Just a quick set of thoughts…do cloud-scale DBs save money because they’re based on commodity/cheap servers? Tonight I did some rough back-of-the-pad calculations, and was kind of surprised…
Let’s assume we’ve got an 11TB working set of data, how could we store this redundantly?
(cloud servers in these examples are dedicated servers at a cloud provider)
Option 1: Two beefy storage servers running MySQL in a master/slave config
Option 2: 28 commodity servers (2 replica copies for each piece of data) running HBase or Cassandra
Option 3: 42 commodity servers (3 replica copies for each piece of data) running HBase or Cassandra
Now the issue here that surprised me isn’t the raw cost differential between stuffing your own hardware in your colo or using a cloud provider. And the other thing is, I’m not picking on SoftLayer…Rackspace and Voxel all work out to the same cost scaling as SoftLayer (and in the case of the other two vendors worse).
What surprised me:
As I said, I’m not comparing the cost of running Option 1 on your own hardware vs. Option 1 at a cloud provider. Yes those costs are more at the cloud provider, but it’s to be expected (they’re bundling in bandwidth, colo, power, and most importantly people to manage the hardware and network).
What’s stunning is that beefy servers at a cloud provider are much more cost efficient. Beefy cloud servers cost you roughly 1/15 of the cost of the hardware every month. Whereas, “cheap” commodity cloud servers cost you roughly 1/3 of the cost of the hardware every month. Much higher mark up on the cheaper volume servers.
Please comment and correct me if I’m wrong in my analysis…I would actually like to be.
Jonathan Ellis
March 18th, 2010 at 9:12 am
You’re not getting apples to apples here. The amount of disk is similar but you have an order of magnitude more CPU and RAM in the scale-out hardware, which is huge for many workloads.That said, I also blogged recently about why cloud VMs aren’t usually the right fit vs bare metal.
Jason
March 18th, 2010 at 3:48 pm
The question is, how do you get 11TB of highly available database. And as noted in the article, the servers used at the cloud provider were dedicated servers not cloud VMs per se. If you have a large dataset, something like Cassandra will cost you disproportionally more money than using MySQL vertically scaled and then partitioned (when deployed at a cloud provider). Alternately, you could vertically scale and use 3 beefy Cassandra nodes, but that obviates the point of the architecture.My real goal with this posting was to get cloud providers to realize they’ve got to cut the costs on their 1U servers if things like Cassandra are going to be affordable when deployed in the cloud with multi-TB datasets. The 1U costs are way out of line with what the same cloud provider charges for the beefier box. If you bundle colo space/power/bandwidth into the costs of the 1U and 4U servers deployed on your own you’re still at a 1/5 ratio for 1Us vs 1/11 ratio for 4Us (ratio being calculated as (cost per month at cloud provider/cost of hardware itself plus colo/power/bandwidth). Ideally, 1U or 4U beefy the ratio would be the same.
Alex Leverington
June 19th, 2010 at 4:43 am
I believe your analysis is accurate and it makes sense: If you have beefy data processing needs, it’s more efficient to use beefy servers. In answer to your query about why “cheap” (in bulk) servers cost more, it’s because they actually cost more! I’ll explain…For 28 commodity servers you’re looking at powering 2 racks (@110v) in a climate controlled room. At 3amps, the electric bill to cool and power the servers would be around $1300/mo. What consumes 3amps when a 100W processor is < 1 amp?
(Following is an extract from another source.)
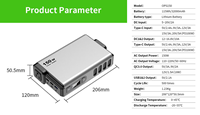 Draagbare 15W Snel Draadloos Opladen Led-Display Met Type-C Verbinding Wekker Tijd Mobiele Telefoon Oplader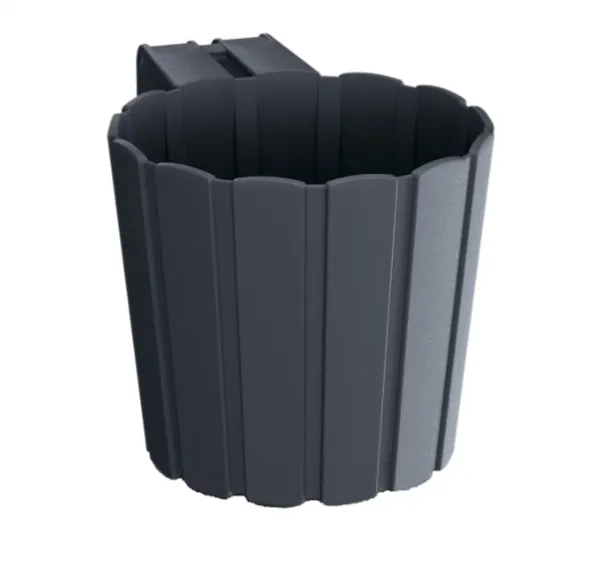 Prosperplast Závesný kvetináč Boarde Hook antracit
The power consumed by servers are for the CPU, Fans, and Disks. When you take all those disks and cram them into one machine, based on your example @28 servers, you’re eliminating 104 CPU cores, 26 CPU Fans, and probably 104 system fans — bringing power usage down to about $48/mo rather than $1300/mo.
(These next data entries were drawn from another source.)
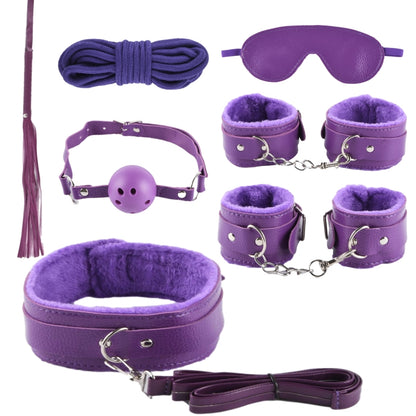 PU and Plush Restraint Set – 7 Pieces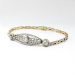 Antique Edwardian Diamond Filigree Bracelet Platinum 14k 7.25 Inch Wrist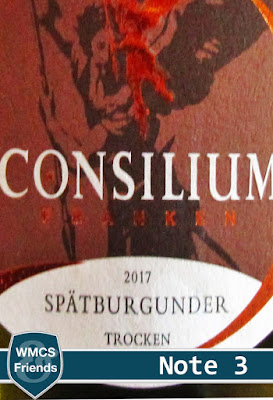Consilium Spätburgunder trocken Franken 2017 für 5,99 € bei Edeka.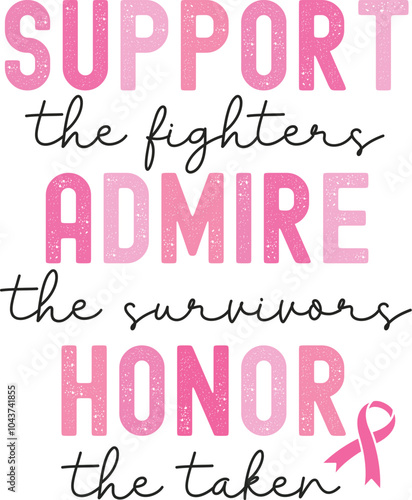 Breast Cancer T-shirt Design, Breast Cancer Awareness, Inspirational Breast Cancer Survivor T-Shirt, Hope and Strength Pink Ribbon, Support Breast Cancer Fighters, Faith Over Fear, Warrior Woman.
If all you want to do is store 11TB of data, it’s not a matter of beefy server + rdbms or many small servers + cassandra. The benefit of those 28 servers + cassandra is that cassandra will not need more than a single core on each of those servers and you can probably use 2-3 of the other cores for distributing computations. If you don’t need that kind of process distribution, chances are you can do all your processing with an RDBMS and you’re better off with one beefy server. In most cases, if someone was spanning their 11TB of data across 28 servers, it’s because they can optimally split up their dataset into 14 segments.
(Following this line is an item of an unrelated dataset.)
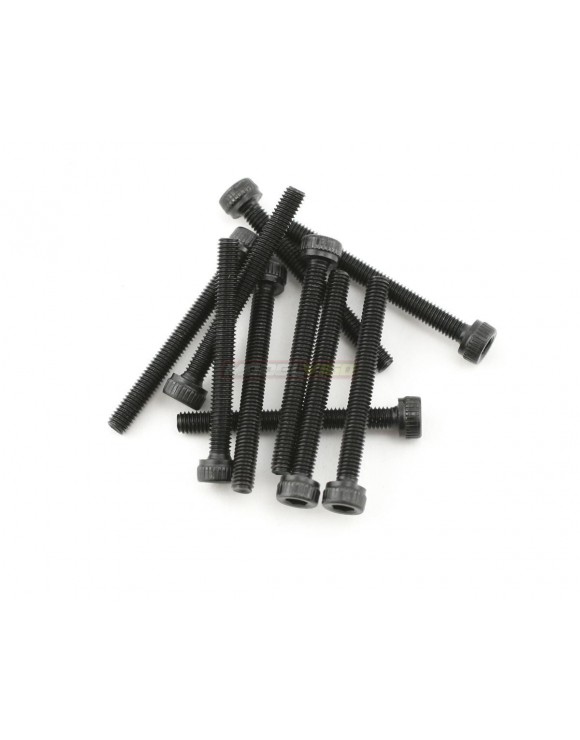 TORNILLOS MDV ACERO NEGRO CABEZA REDONDA ALTA CALIDAD 10PCS (M3X4M)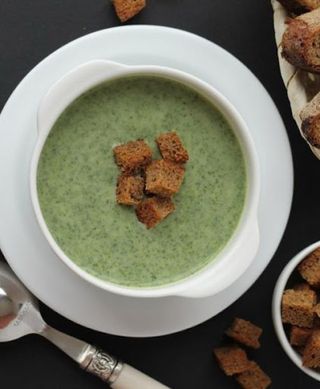 ისპანახის კრემ-სუპი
In a nutshell, most folks who expand out from the “beefy database” infrastructure do so because their data processing needs exceed the CPU, memory, or network capacity of one server. In most cases, the limitation of a beefy server isn’t the amount of storage available but the latency of random seek access and ability of the system to quickly store+index new data.
Jason
July 23rd, 2010 at 7:24 pm
You’re right in your comments…my point is the hype is way overblown as to where that tipping point of outgrowing an RDBMS is. Also, even accounting for power the markup on the smaller servers is extremely high.